What needs to be done
Omit all pictures and transcribe only the lines in the entries below that run from the line with "Ecovelò 2 Ruote" through the line with "Ressam Miro 'dan".

(Short web captions)
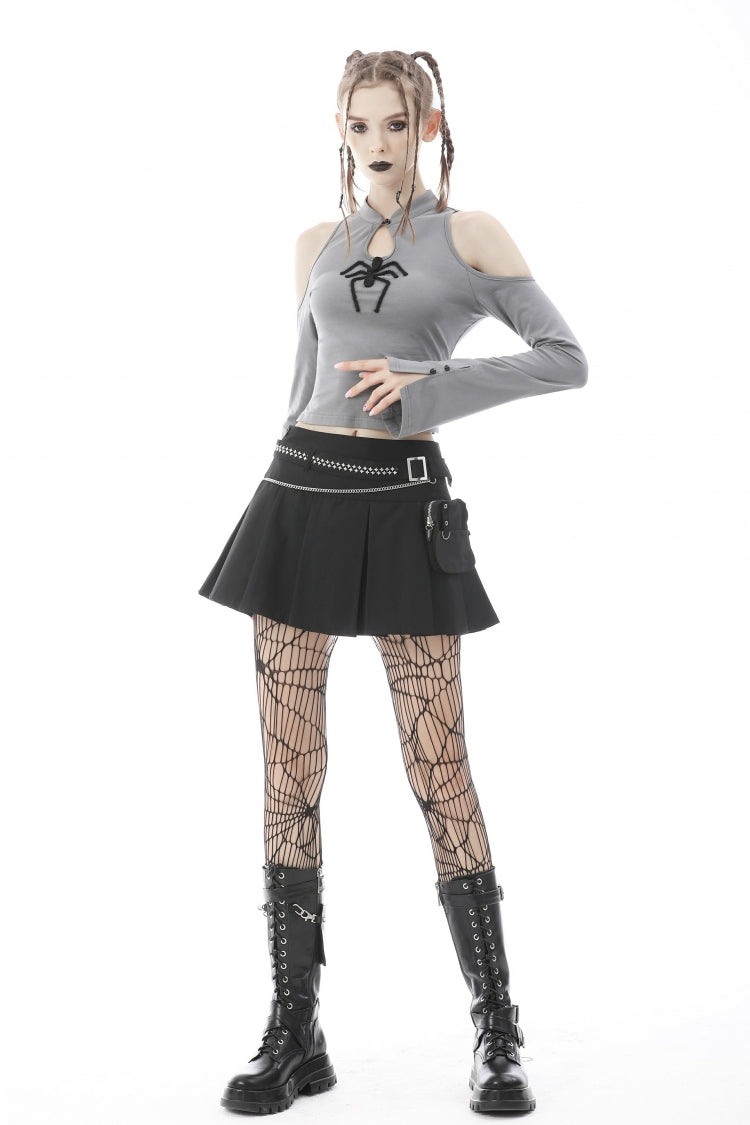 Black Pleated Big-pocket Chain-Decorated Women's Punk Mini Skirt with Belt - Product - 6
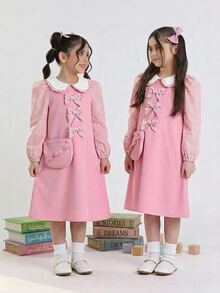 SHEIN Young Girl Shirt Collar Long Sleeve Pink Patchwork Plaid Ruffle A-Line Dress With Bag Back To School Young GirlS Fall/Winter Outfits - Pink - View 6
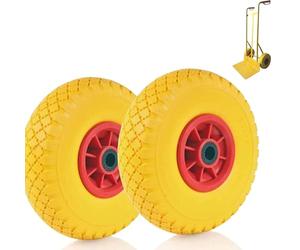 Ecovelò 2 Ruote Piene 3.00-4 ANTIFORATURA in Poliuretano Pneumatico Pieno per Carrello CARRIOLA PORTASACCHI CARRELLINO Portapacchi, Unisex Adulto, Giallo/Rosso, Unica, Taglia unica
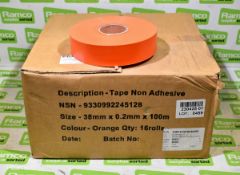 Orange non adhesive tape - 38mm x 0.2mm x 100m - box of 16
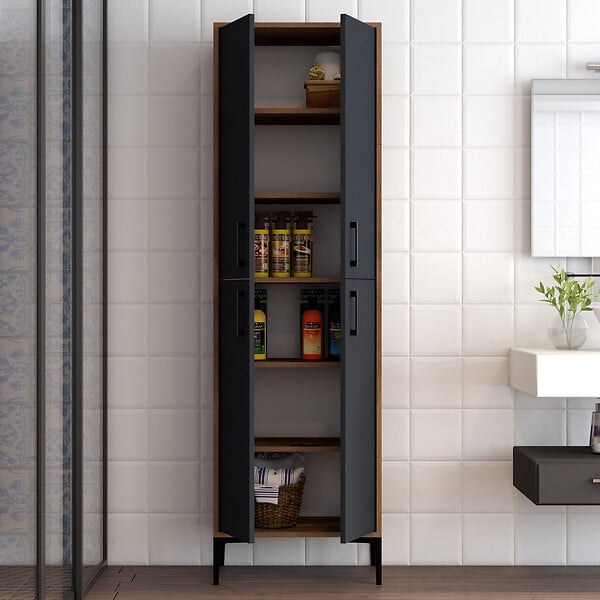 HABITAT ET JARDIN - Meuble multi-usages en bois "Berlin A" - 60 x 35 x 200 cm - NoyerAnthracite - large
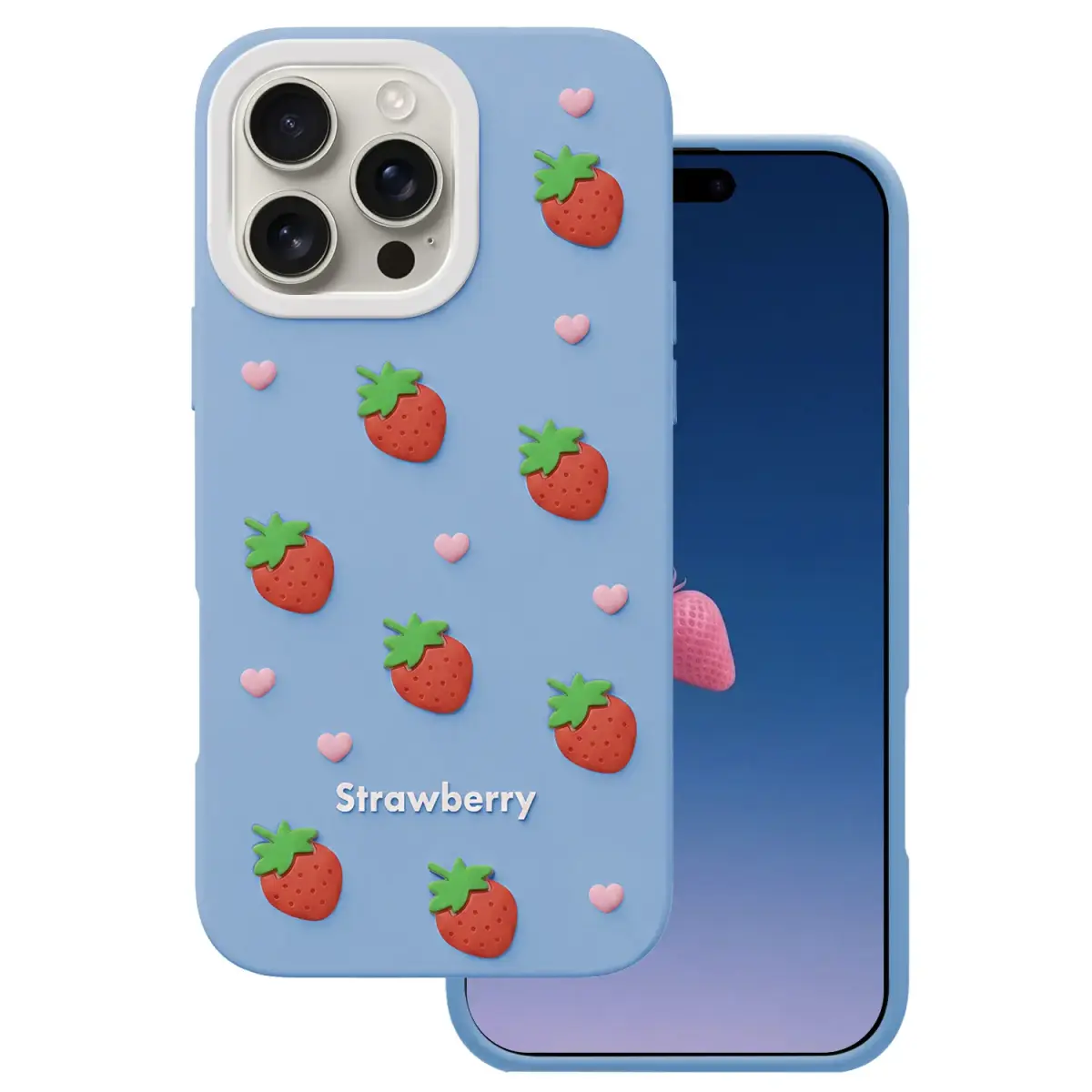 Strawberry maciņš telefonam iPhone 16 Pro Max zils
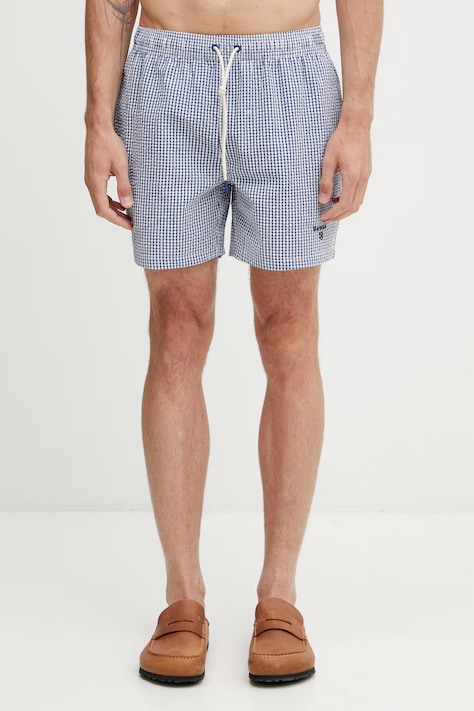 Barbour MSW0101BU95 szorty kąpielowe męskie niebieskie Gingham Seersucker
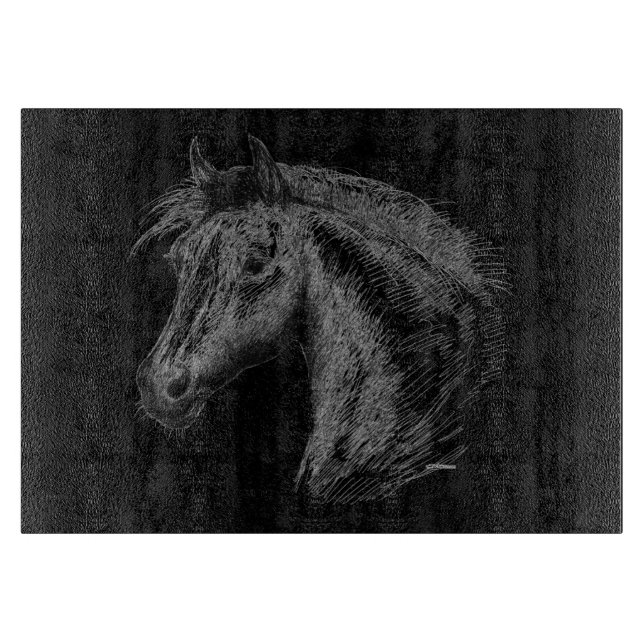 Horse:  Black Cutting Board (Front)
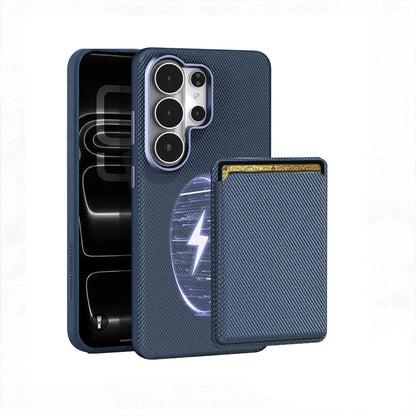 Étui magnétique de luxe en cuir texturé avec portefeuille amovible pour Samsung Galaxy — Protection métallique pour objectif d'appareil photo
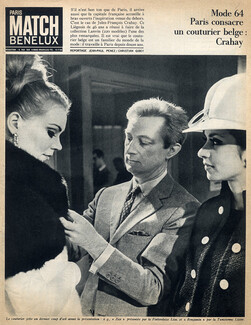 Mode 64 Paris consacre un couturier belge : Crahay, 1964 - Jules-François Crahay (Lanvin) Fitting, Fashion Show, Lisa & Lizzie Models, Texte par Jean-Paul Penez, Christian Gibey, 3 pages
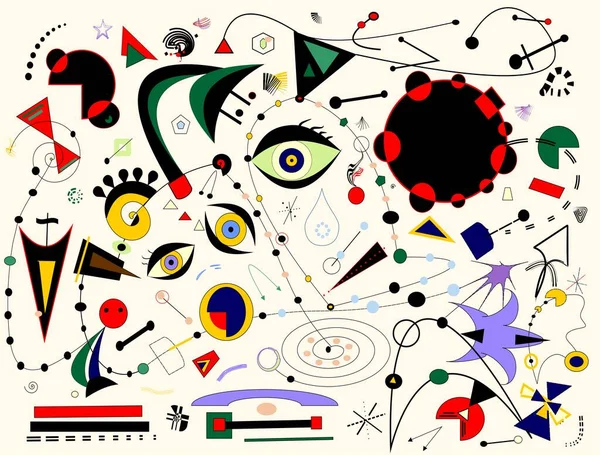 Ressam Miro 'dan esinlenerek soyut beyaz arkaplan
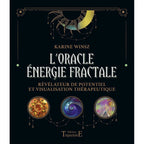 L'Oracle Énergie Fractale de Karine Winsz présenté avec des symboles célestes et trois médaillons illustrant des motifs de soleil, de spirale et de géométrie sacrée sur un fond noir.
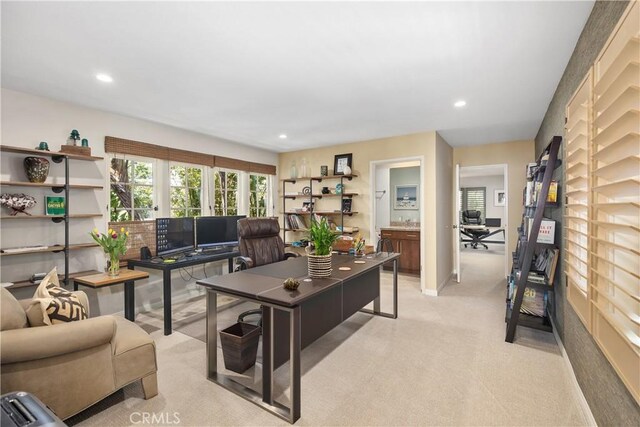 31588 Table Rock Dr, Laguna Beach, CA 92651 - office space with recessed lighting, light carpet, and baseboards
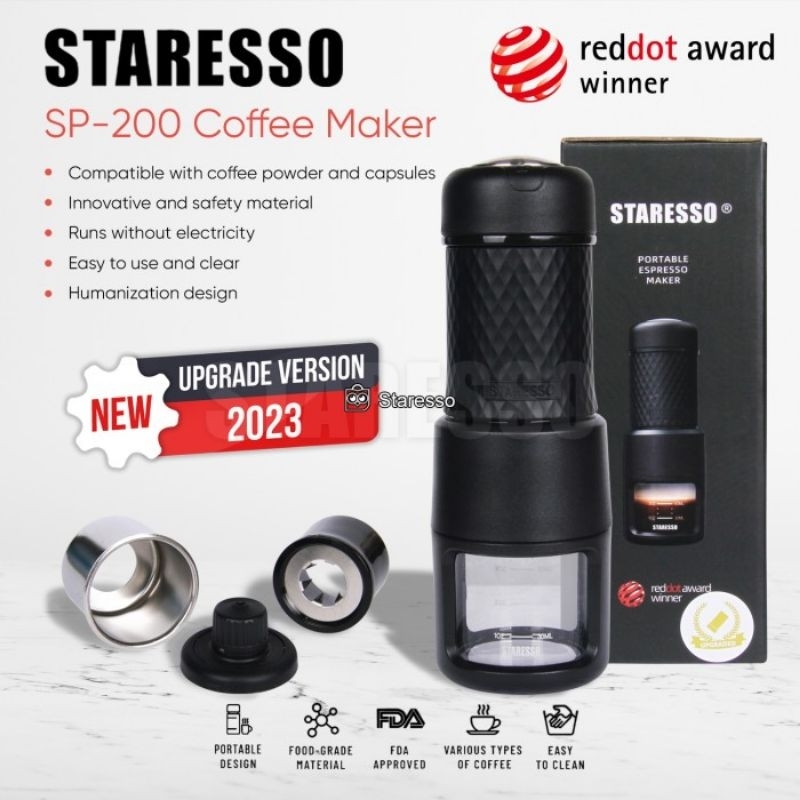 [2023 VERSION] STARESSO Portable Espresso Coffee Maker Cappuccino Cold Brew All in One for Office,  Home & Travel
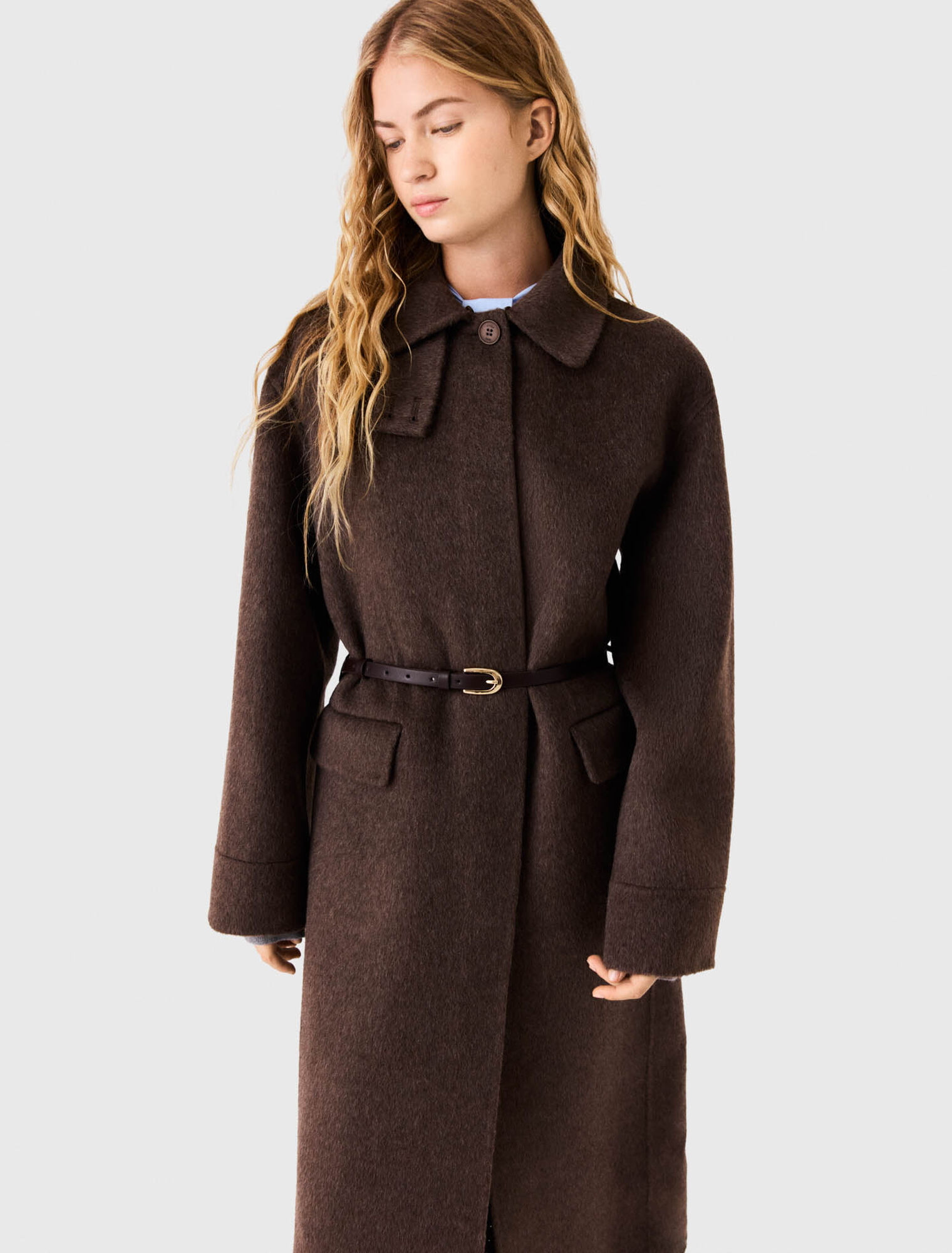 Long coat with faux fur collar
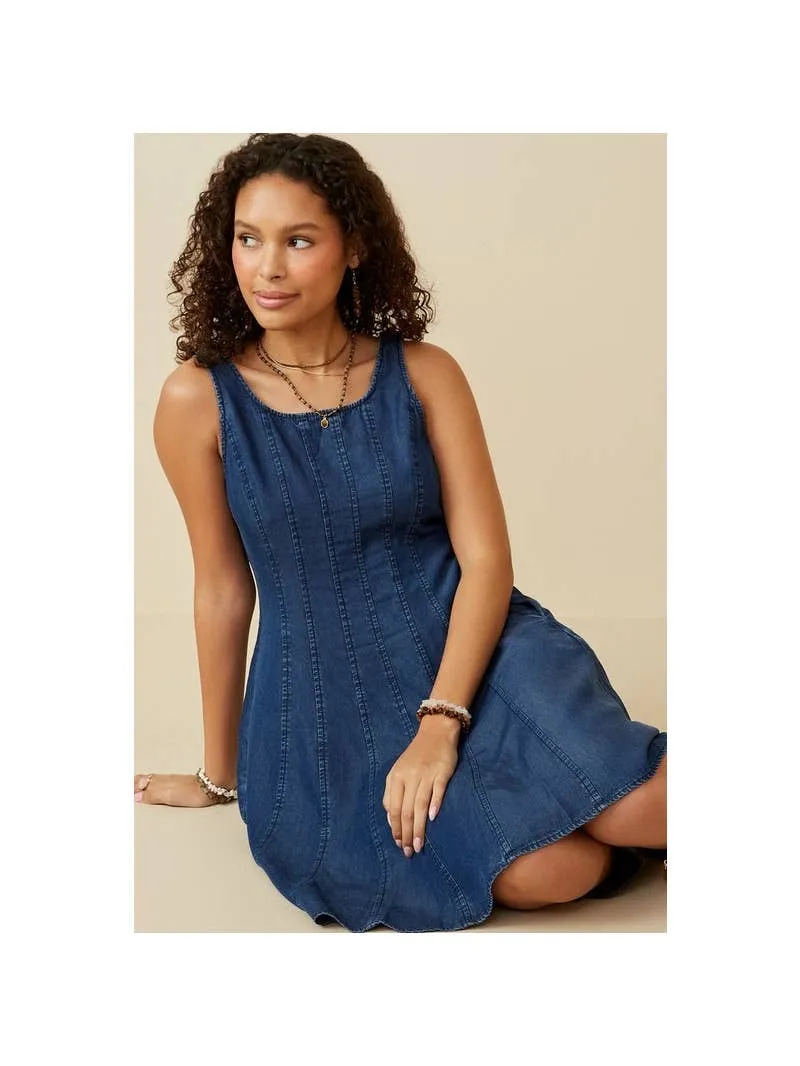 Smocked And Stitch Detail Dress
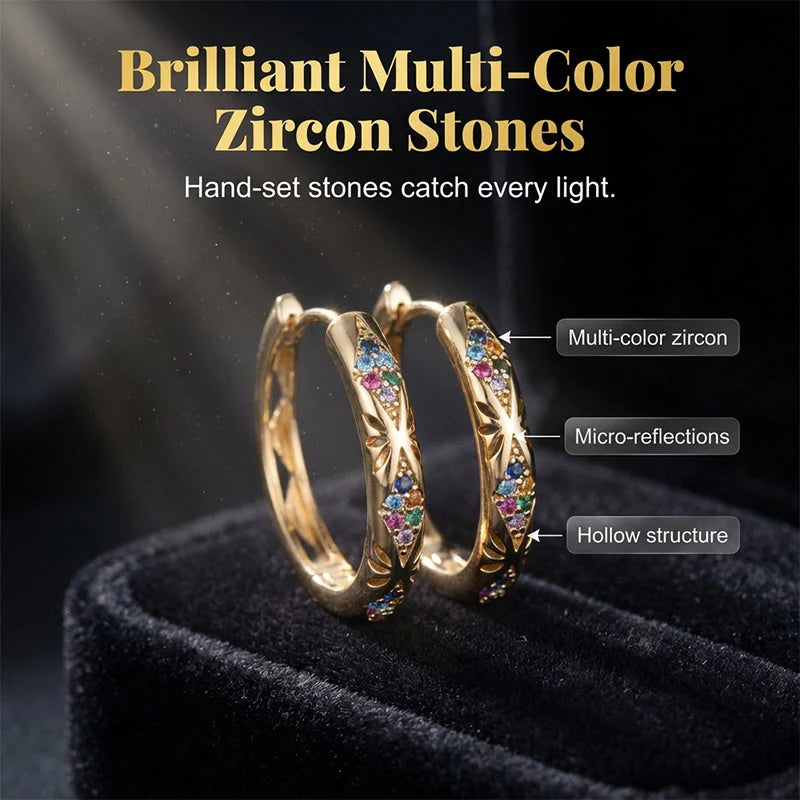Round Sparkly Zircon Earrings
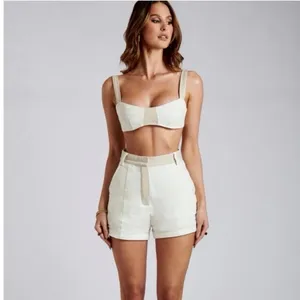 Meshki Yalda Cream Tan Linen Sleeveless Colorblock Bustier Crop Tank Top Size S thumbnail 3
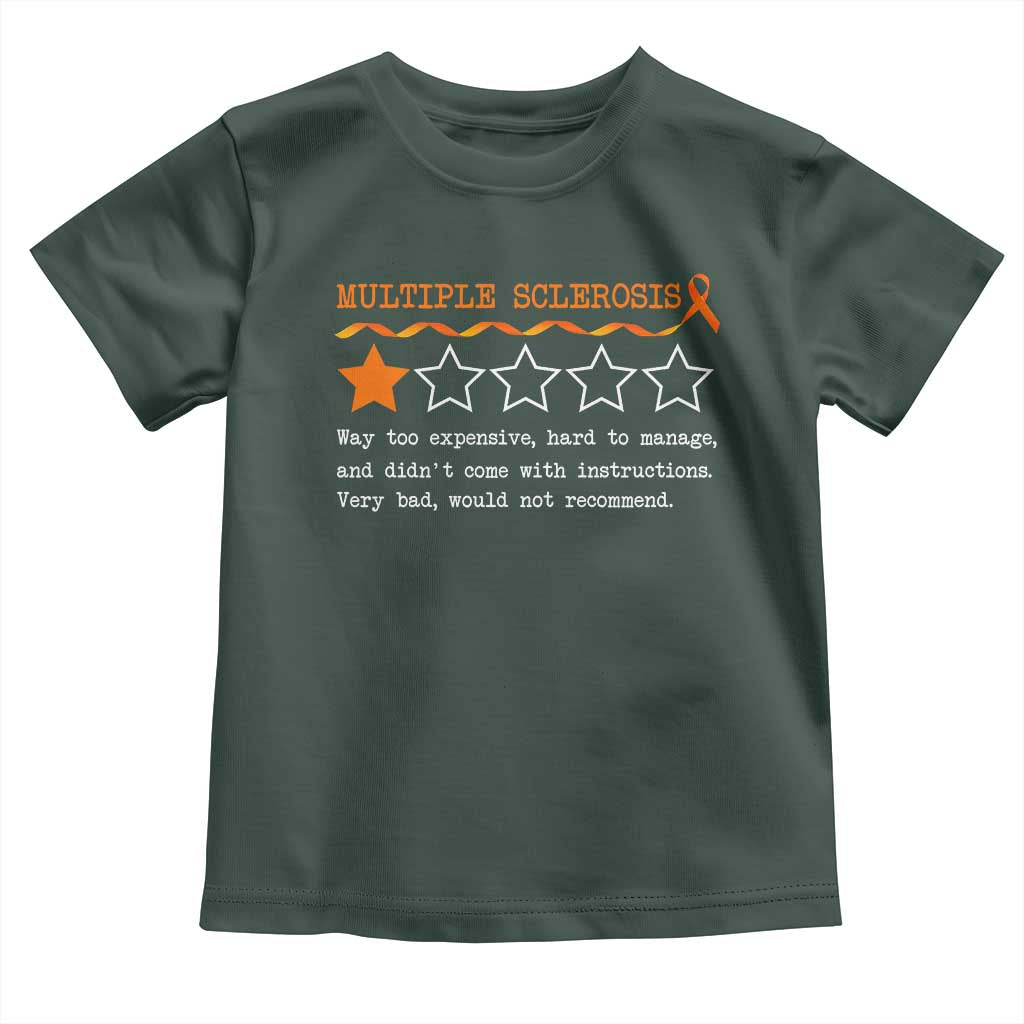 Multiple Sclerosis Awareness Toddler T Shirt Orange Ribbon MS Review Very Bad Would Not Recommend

Completed task
 Ecovelò 2 Ruote Piene 3.00-4 ANTIFORATURA in Poliuretano Pneumatico Pieno per Carrello CARRIOLA PORTASACCHI CARRELLINO Portapacchi, Unisex Adulto, Giallo/Rosso, Unica, Taglia unica
 Orange non adhesive tape - 38mm x 0.2mm x 100m - box of 16
 HABITAT ET JARDIN - Meuble multi-usages en bois "Berlin A" - 60 x 35 x 200 cm - NoyerAnthracite - large
 Strawberry maciņš telefonam iPhone 16 Pro Max zils
 Barbour MSW0101BU95 szorty kąpielowe męskie niebieskie Gingham Seersucker
 Horse:  Black Cutting Board (Front)
 Étui magnétique de luxe en cuir texturé avec portefeuille amovible pour Samsung Galaxy — Protection métallique pour objectif d'appareil photo
 Mode 64 Paris consacre un couturier belge : Crahay, 1964 - Jules-François Crahay (Lanvin) Fitting, Fashion Show, Lisa & Lizzie Models, Texte par Jean-Paul Penez, Christian Gibey, 3 pages
 Ressam Miro 'dan esinlenerek soyut beyaz arkaplan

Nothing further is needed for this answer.